Of course, you can tweak the additions, but I really love how tasty and downright pretty these biscuits are. The cheese gives them tendrils of orange mixed with the bright green of the onions. They make a lovely addition to any meal. If you don't have a biscuit or cookie cutter of an appropriate shape and size, save a tuna can the next time you open it and wash and dry it thoroughly. They make excellent biscuit cutters in a pinch!
I like splitting these and layering cheese, egg, and bacon into them for breakfast. They also make excellent soup, stew, and chili dippers. And if you have a roasted chicken, pork, or beef dish, have a plate of these on hand to sop up all those delicious juices. Enjoy!
- ¾ c. all-purpose flour
- 2 T. baking powder
- ¾ tsp. granulated sugar
- ¾ tsp. salt
- ¾ tsp. black pepper
- ¼ c. cold butter
- ¾ c. grated cheddar cheese
- ½ c. chopped green onions
- ½ c. whole milk
- Egg wash
In a large bowl, combine the flour, baking powder, sugar, salt, and black pepper.
Cut the cold butter into cubes that are about the size of a bouillon cube.

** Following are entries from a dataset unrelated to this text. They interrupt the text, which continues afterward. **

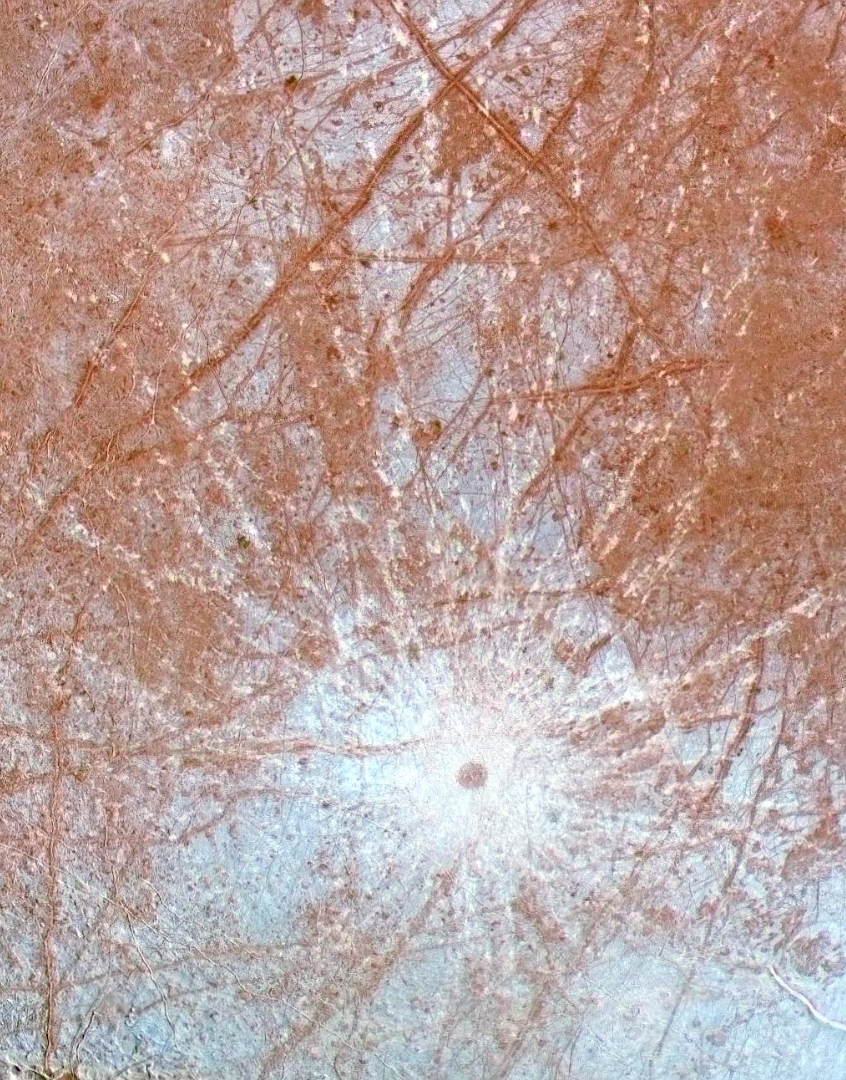 皮威尔撞击坑（一个木星卫星木卫二上的撞击坑，被认为是木卫二上最年轻的地理特征之一）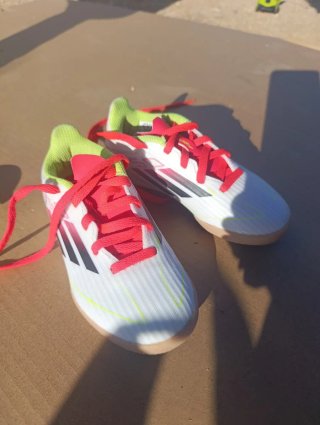 Zapatos de fútbol Adidas blancos y rojos talla 29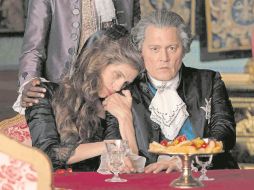 El actor da vida a Luis XV en la cinta “Jeanne du Barry”. CORTESÍA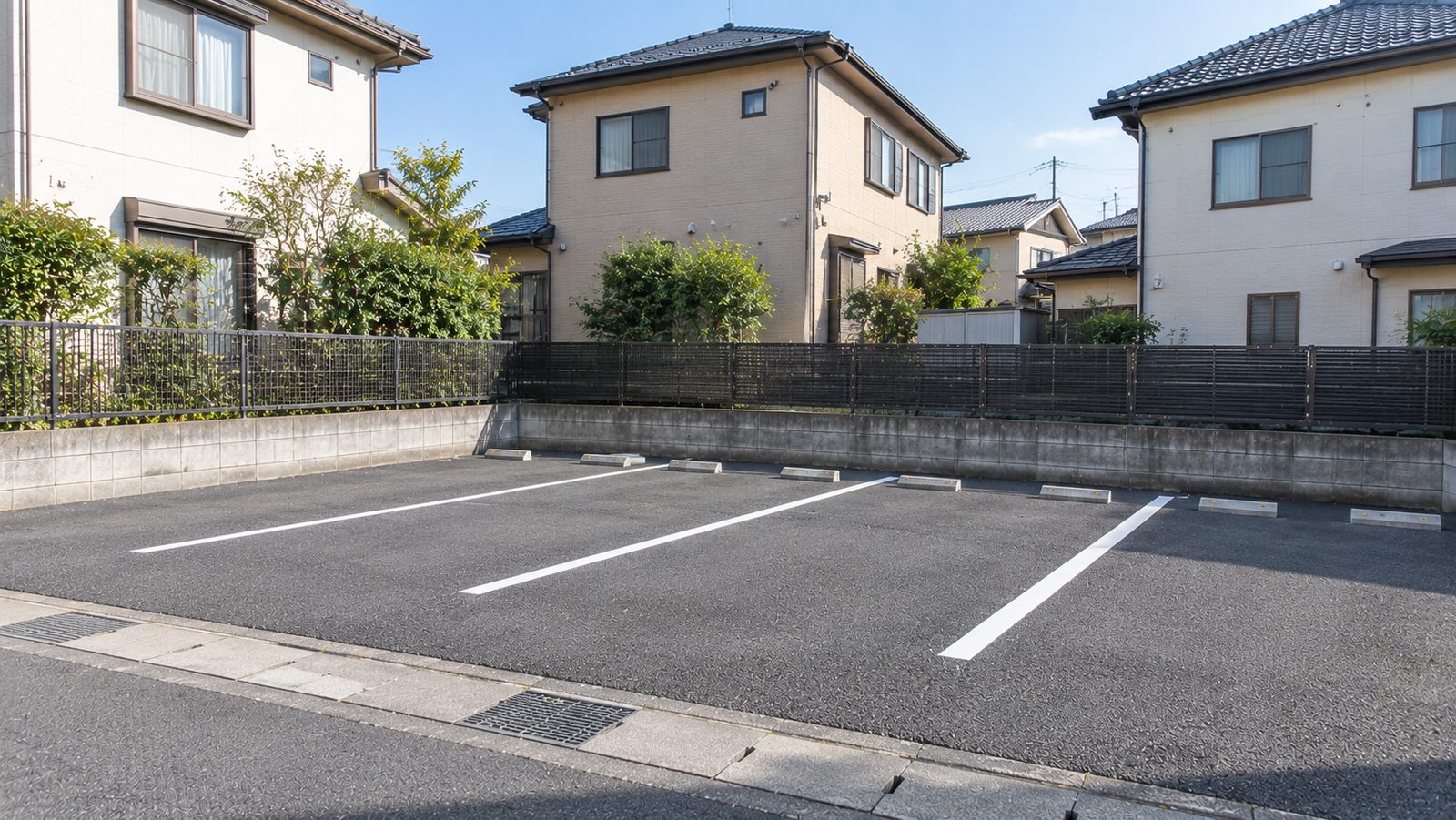 舗装された月極駐車場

Add the butter cubes to the flour mixture and pinch and mix the butter into the flour until a course crumb forms - a bit like lightly moist sand.
Add the grated cheddar cheese and green onions to the flour mixture; stir lightly.
Drizzle the milk into the flour mixture and stir gently. Lightly press the components together so that a dough forms. Do not overwork the dough!
Shape the dough into a circle with your fingers and wrap it with plastic wrap. Chill in the fridge for at least an hour.
Preheat the oven to 425°F.
Once the dough has had time to rest in the fridge, roll out the dough until about 1/2” thick. Cut out 2.5″ circles with a biscuit cutter, cookie cutter, or thoroughly washed and dried empty tuna can and place on baking sheet. Space them about 2” apart. Brush the tops of the biscuits with an egg wash to help create a glossy finish for your biscuits.
Bake for 10-15 minutes or until the biscuits are golden.